7. AI prompts and outputs. Every modern LLM interface (ChatGPT, Claude, Gemini) both accepts and emits Markdown. Structured prompts with Markdown get measurably better results.

8. Jupyter notebooks. Markdown cells interleave with code cells to create executable research documents.

Rendering Differences Across Platforms

The same .md document renders differently in different places. The key differences to know:

GitHub — Full GFM + tables + task lists + mermaid + math. Most features work.

GitLab — GFM-compatible plus additional extensions (mathjax, diagrams, TOC markers).

Dev.to — CommonMark + tables + code block language tags + embed tags for tweets/YouTube.

Medium — Does NOT use Markdown. Has its own WYSIWYG, though some paste patterns work.

Reddit — CommonMark + a few subreddit-specific extensions. Tables work. Emoji shortcodes do NOT work.

Discord — Limited subset: **bold**, *italic*, __underline__, ~~strike~~, `code`, code blocks, > quote, ||spoiler||. No headings, no tables, no images from URLs.
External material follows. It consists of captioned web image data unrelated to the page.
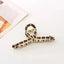 Geometric Alloy Ribbon Hair Claw with Cross Cut-Out Design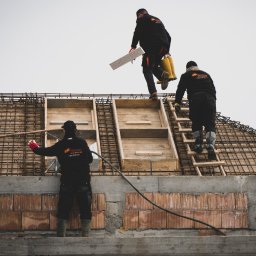 MANTER DANIEL KAZEK - Trzech robotników w czarnych kombinezonach z logo firmy budowlanej na budowie domu w trakcie wznoszenia ścian z czerwonej cegły i przygotowywania zbrojenia dachu, jeden z nich trzyma białą płytę...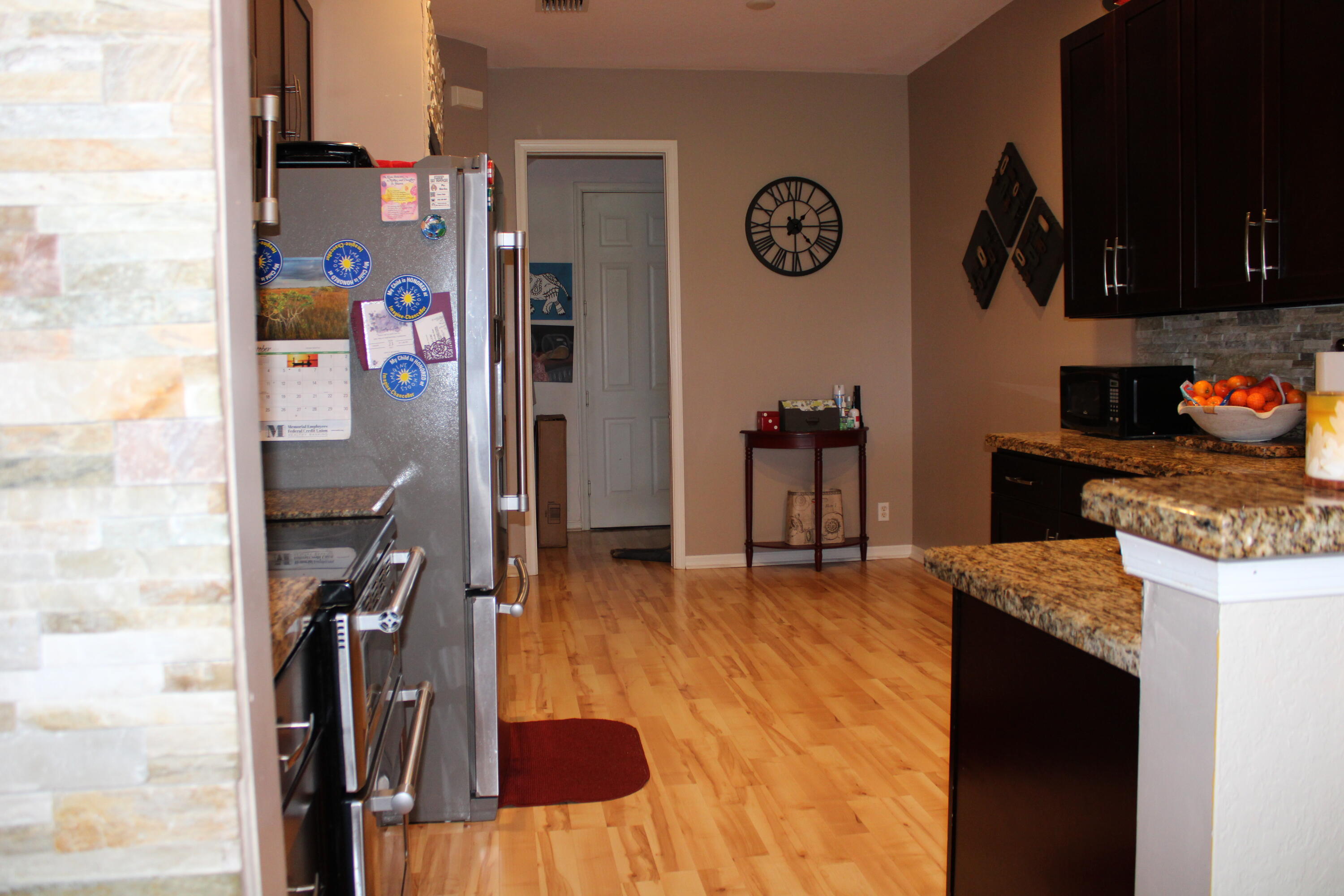 31 Beechdale Lane Boynton Beach, FL 33426 - Photo 4 of 26 a kitchen with a refrigerator and a stove top oven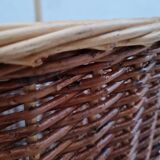 Vintage wicker log basket on vintage wheels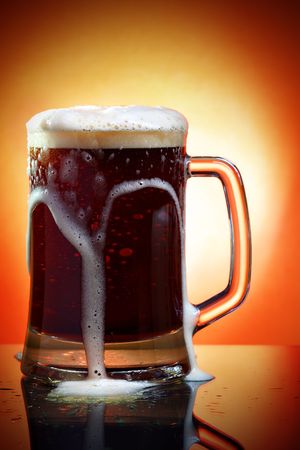 Mug of dark beer with frith close up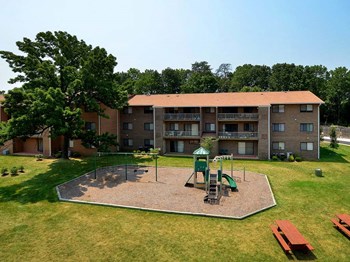 Far away view of apartment complex with playground at Gainsborough Court Apartments, Fairfax, VA - Photo Gallery 6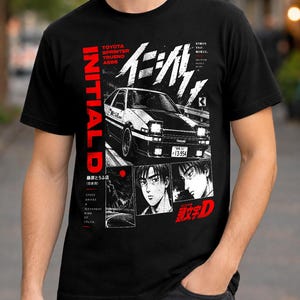 Pode incluir: Uma t-shirt preta de manga curta com uma impressão gráfica de um carro Toyota Sprinter Trueno AE86 branco, retratos de personagens em estilo manga japonês e texto incluindo INITIAL D, TOYOTA SPRINTER TRUENO AE86 e caracteres japoneses.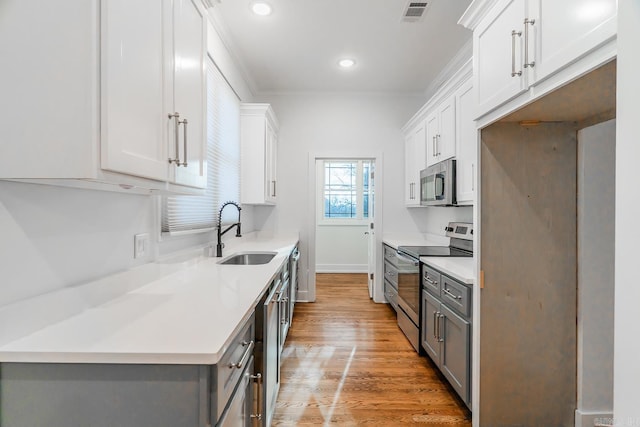 kitchen featuring visible vents, gray cabinetry, light countertops, appliances with stainless steel finishes, and a sink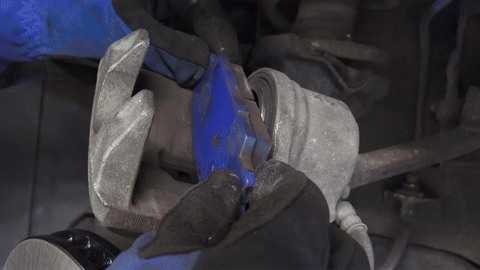 Shows the use of a piston compressor to push the piston back.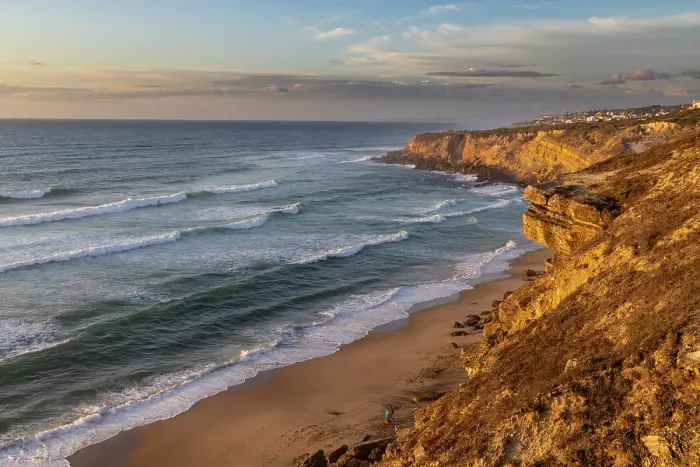 Framed Print : Cliffs over beach at Colares, Portugal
Slack — Different syntax entirely: *bold* (single asterisk, not double), _italic_, ~strike~, `code`. Breaks compatibility with everything else. The quirks are historical.

Notion — Partial Markdown; pastes are converted to Notion's native block format.

Obsidian — CommonMark + GFM + [[wikilinks]] + embeds + Dataview queries.

When writing portable content, stick to CommonMark + GFM basics. For platform-specific features, document which target you're writing for.

Common Pitfalls and How to Fix Them

1. Nested list indentation. CommonMark requires nested lists to be indented with 2 spaces for - lists and 3 spaces for 1. lists (aligned with the text after the marker). Using 1 space or a tab can cause unexpected rendering. Rule: 2 spaces for nested -, 3 spaces for nested 1..

2. Blank line required before lists. A line of text immediately followed by - item will often not render as a list. Always leave a blank line between a paragraph and a list.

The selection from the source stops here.